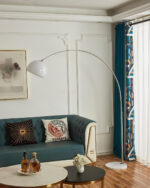 Sneedville Arched Floor Lamp - Image 4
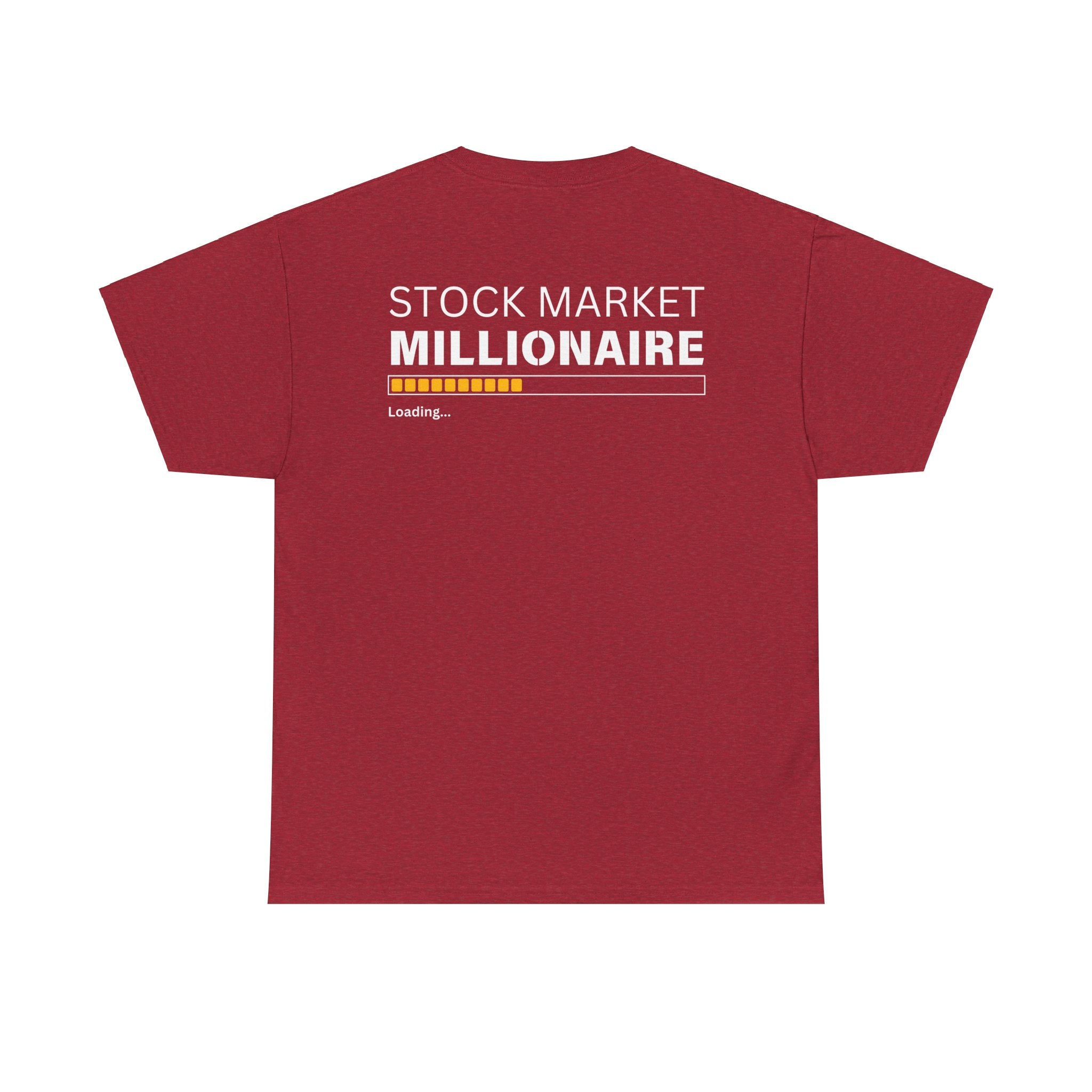 Stock Market Millionaire Loading - Mens T-shirt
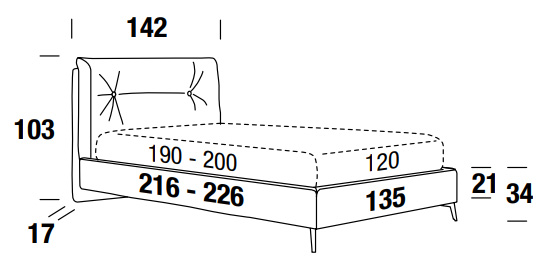 Scotty Bed Dimensions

> _INSTRUCTIONS FOR THE TASK_
Write out the material above exactly, and omit the pictures it holds.

> _ANSWER TO THIS PROBLEM_
 Sneedville Arched Floor Lamp - Image 4
 Stock Market Millionaire Loading - Mens T-shirt
 Scotty Bed Dimensions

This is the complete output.